Bulletproof hosting and the Russian Business Network

Several previous blog entries have described various forms of web-based attacks [1,2,3]. In most cases, the attack involves compromising a large number of web servers in order that the sites they host are turned into drive-by download sites. When victims browse these compromised sites, additional malicious content is silently loaded from some remote server (the attack site).

Whilst looking through some of the data collected from the web threat analysis system in the lab over the last few weeks, I noticed that a number of the remote attack sites were in the same address range. Digging further, it quickly became apparent that the attack sites were using hosting services provided by the Russian Business Network (RBN). The RBN provide web hosting and other services much like any other ISP. Unlike other ISPs however, the RBN is reported to be used almost solely by cybercriminals for illegal purposes [4]. Illegal activities such as phishing, botnet C&C, spam, DoS attacks and malware hosting have all been traced to RBN-hosted servers [5].

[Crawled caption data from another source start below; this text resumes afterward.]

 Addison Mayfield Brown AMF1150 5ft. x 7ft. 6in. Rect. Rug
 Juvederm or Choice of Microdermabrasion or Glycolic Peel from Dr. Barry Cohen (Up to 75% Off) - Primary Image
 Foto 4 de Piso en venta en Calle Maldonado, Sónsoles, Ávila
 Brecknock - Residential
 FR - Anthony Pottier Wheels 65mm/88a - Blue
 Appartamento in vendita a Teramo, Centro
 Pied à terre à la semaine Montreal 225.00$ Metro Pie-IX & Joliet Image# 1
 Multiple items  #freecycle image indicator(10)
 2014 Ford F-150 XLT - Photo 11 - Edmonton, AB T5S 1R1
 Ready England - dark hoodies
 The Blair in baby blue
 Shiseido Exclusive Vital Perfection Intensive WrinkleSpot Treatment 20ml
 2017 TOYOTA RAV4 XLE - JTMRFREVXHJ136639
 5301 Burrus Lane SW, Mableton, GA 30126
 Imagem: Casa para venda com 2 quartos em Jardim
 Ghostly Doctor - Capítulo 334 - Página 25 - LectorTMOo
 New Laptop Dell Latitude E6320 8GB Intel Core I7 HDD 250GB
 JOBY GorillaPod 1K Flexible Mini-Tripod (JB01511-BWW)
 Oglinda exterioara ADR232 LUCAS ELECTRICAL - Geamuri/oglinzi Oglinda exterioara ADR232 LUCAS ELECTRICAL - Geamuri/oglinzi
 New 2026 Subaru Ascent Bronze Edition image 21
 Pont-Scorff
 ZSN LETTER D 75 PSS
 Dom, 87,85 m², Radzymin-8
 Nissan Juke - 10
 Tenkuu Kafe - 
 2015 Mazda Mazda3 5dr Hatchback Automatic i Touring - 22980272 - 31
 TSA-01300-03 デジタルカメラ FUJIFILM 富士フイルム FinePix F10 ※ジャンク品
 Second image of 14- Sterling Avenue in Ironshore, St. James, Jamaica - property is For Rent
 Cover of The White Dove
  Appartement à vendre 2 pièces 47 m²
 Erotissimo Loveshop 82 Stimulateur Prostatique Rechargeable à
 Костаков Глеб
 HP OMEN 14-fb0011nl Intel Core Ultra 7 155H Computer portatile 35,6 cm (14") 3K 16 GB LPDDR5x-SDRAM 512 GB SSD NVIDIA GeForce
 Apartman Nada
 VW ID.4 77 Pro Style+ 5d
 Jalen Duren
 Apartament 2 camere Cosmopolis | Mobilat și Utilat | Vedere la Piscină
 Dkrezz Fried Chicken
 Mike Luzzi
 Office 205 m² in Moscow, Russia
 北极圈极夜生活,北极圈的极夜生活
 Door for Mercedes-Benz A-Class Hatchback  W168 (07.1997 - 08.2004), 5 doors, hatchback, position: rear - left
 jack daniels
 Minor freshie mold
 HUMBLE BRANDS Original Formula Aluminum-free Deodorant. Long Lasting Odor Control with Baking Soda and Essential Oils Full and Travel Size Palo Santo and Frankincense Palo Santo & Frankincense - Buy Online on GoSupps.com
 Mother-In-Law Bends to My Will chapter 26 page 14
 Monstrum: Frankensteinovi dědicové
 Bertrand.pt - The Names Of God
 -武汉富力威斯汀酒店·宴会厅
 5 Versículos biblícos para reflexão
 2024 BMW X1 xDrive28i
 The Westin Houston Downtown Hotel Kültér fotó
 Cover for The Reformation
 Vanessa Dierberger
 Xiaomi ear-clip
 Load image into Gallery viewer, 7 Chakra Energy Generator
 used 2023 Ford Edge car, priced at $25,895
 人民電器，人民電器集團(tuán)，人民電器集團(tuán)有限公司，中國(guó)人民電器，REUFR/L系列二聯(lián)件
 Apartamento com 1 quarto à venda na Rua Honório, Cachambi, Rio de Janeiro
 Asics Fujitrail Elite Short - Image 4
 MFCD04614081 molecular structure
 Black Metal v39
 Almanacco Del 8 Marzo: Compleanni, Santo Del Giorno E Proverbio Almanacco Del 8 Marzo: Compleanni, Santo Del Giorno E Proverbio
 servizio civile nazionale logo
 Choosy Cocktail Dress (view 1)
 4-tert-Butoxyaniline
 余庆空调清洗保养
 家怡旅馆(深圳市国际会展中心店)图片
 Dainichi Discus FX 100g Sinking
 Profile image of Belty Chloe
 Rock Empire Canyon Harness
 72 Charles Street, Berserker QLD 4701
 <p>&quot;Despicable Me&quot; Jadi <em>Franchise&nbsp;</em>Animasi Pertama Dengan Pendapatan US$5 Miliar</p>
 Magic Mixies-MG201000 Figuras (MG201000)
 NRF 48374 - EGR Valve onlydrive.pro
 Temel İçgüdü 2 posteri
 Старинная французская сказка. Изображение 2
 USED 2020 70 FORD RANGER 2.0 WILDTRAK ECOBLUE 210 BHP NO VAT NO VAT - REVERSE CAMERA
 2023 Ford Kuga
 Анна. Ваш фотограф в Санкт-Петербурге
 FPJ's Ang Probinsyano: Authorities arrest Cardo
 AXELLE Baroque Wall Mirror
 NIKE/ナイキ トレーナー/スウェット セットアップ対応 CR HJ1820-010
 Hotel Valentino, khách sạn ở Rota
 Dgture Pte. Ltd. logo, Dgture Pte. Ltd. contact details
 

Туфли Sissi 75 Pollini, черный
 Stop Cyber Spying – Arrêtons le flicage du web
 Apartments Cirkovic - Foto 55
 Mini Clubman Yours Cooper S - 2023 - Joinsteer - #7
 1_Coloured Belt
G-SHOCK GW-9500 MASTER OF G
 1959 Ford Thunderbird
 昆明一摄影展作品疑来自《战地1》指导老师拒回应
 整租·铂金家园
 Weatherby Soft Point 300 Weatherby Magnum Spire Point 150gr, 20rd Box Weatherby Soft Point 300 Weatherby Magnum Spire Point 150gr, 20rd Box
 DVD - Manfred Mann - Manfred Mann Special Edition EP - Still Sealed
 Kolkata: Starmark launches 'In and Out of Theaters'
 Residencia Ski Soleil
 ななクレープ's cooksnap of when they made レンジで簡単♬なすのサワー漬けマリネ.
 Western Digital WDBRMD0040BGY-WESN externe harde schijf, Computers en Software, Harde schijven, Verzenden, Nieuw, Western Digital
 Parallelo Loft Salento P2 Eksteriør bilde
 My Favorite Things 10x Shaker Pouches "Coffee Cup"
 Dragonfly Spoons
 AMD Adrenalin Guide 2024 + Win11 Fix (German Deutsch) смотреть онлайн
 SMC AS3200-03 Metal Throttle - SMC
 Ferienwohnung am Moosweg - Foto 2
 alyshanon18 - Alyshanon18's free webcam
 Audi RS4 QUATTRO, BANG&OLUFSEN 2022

The hosting services provided by the RBN are frequently referred to as bulletproof hosting, thanks to the remarkable resilience the servers show despite significant law enforcements efforts to shut them down. This sort of resilience is perfect for cybercriminals wishing to construct web attacks, since it provides them with very robust attack sites that can be used in multiple attacks. Once the attack site is running, they can simply compromise other web sites to silently load the malicious content when browsed.

As it happens, the web attack described in the flowchart within the previous blog entry uses a RBN-hosted attack site. This is not that surprising – numerous other recent large-scale attacks have used similar attack sites. In fact, over the past 3 weeks, SophosLabs have identified almost 1,000 web sites that have been compromised to load malicious content from RBN-hosted servers. These compromised sites are globally distributed:

[Global distribution of compromised sites linking to RBN-hosted servers]

Cybercriminals’ use of services such as those provided by the RBN in order to evade law enforcement efforts poses a definite problem. An article last week in the Washington Post [6], discusses some of the concerns and potential solutions. I have little doubt that if the problem persists (and it shows every sign of doing so), there will be even more widespread and aggressive blocking of entire networks by corporations and even ISPs.